__Recorded data__
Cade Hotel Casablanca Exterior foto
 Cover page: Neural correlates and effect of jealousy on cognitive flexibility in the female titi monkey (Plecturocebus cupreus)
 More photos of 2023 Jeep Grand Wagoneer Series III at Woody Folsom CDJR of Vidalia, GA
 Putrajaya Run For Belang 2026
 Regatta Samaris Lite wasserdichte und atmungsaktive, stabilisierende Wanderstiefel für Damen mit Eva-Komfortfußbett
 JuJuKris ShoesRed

__TASK INSTRUCTIONS__
When you reach the end of the data, retype all of it exactly.

__SOLVED PROBLEM__
Cade Hotel Casablanca Exterior foto
 Cover page: Neural correlates and effect of jealousy on cognitive flexibility in the female titi monkey (Plecturocebus cupreus)
 More photos of 2023 Jeep Grand Wagoneer Series III at Woody Folsom CDJR of Vidalia, GA
 Putrajaya Run For Belang 2026
 Regatta Samaris Lite wasserdichte und atmungsaktive, stabilisierende Wanderstiefel für Damen mit Eva-Komfortfußbett
 JuJuKris ShoesRed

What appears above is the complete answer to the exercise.